+++ RECORDED INFORMATION +++

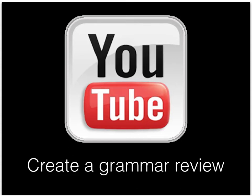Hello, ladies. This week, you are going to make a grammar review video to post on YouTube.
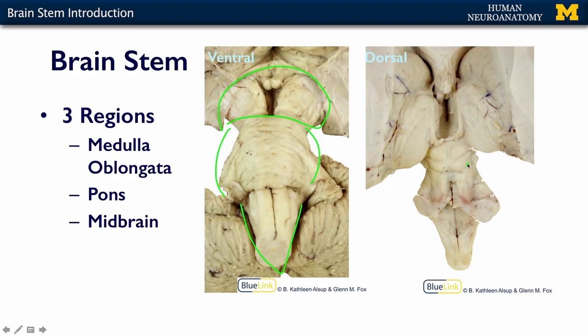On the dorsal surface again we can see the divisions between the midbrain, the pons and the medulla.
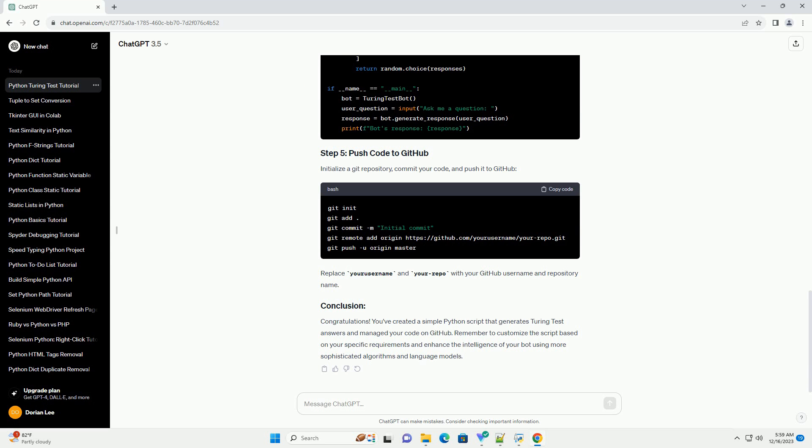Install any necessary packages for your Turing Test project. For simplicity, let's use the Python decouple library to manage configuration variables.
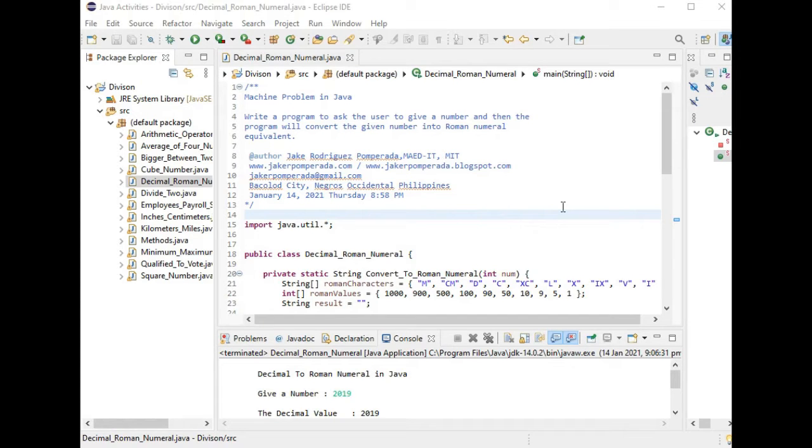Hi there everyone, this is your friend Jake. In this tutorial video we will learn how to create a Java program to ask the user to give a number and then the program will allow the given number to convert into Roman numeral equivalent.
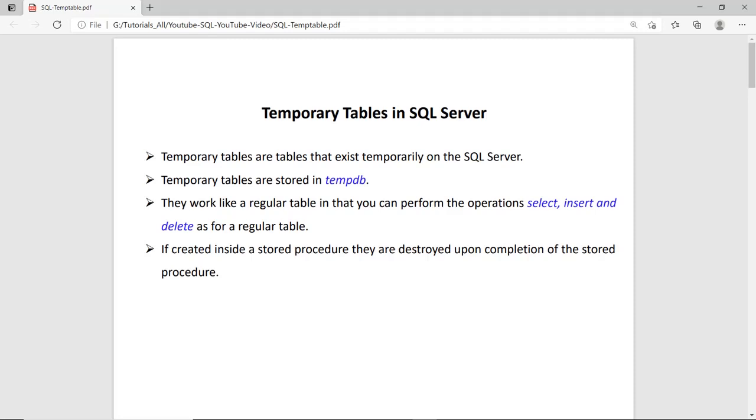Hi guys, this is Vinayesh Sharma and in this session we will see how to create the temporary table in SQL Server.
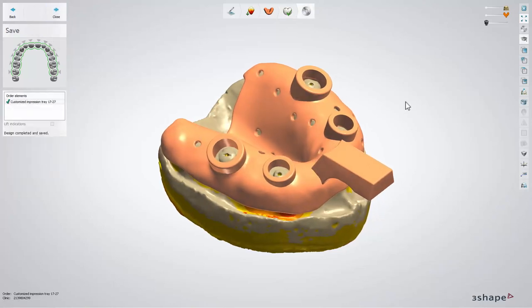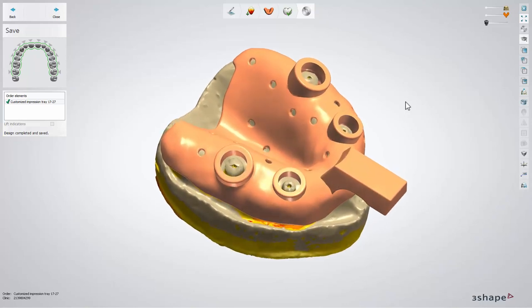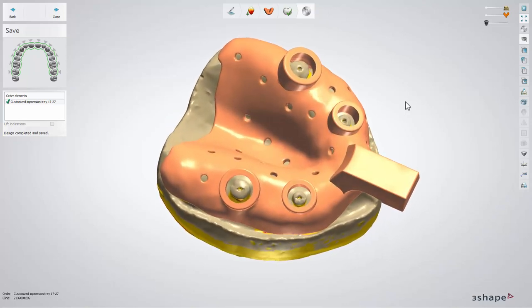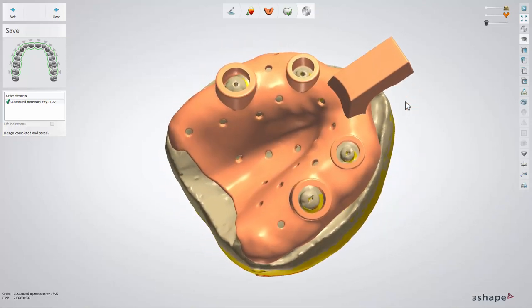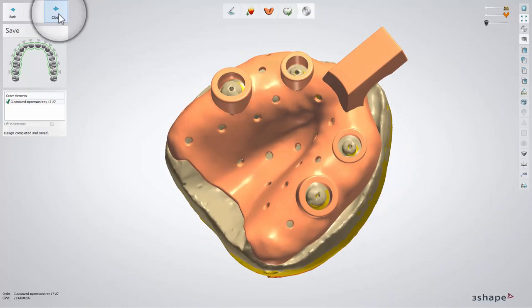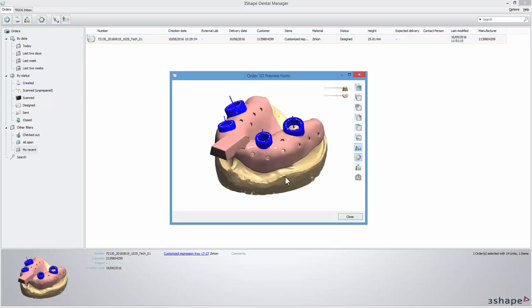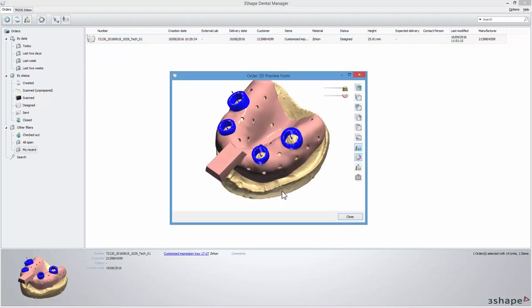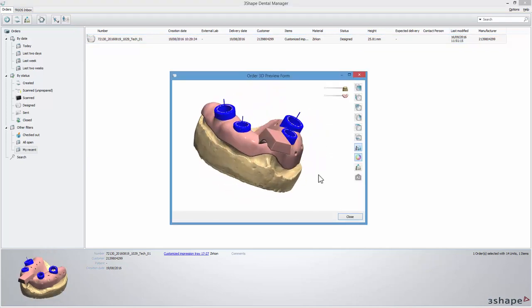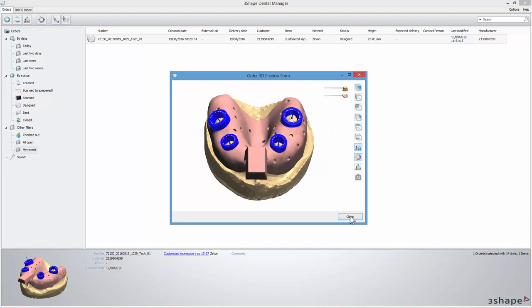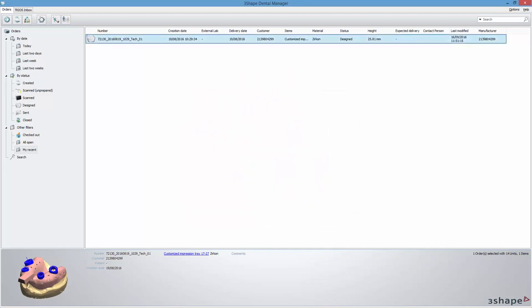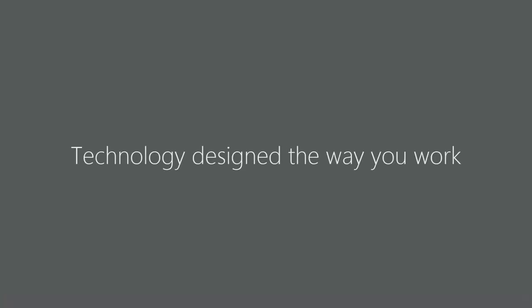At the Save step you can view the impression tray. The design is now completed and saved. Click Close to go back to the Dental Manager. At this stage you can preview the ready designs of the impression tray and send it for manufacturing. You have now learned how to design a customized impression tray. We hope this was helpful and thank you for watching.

+++

- [DIRECTIONS FOR THIS TASK]
When an image appears in the data, skip it and output the rest exactly.

- [COMPLETED TASK]
Hello, ladies. This week, you are going to make a grammar review video to post on YouTube.
On the dorsal surface again we can see the divisions between the midbrain, the pons and the medulla.
Install any necessary packages for your Turing Test project. For simplicity, let's use the Python decouple library to manage configuration variables.
Hi there everyone, this is your friend Jake. In this tutorial video we will learn how to create a Java program to ask the user to give a number and then the program will allow the given number to convert into Roman numeral equivalent.
Hi guys, this is Vinayesh Sharma and in this session we will see how to create the temporary table in SQL Server.
At the Save step you can view the impression tray. The design is now completed and saved. Click Close to go back to the Dental Manager. At this stage you can preview the ready designs of the impression tray and send it for manufacturing. You have now learned how to design a customized impression tray. We hope this was helpful and thank you for watching.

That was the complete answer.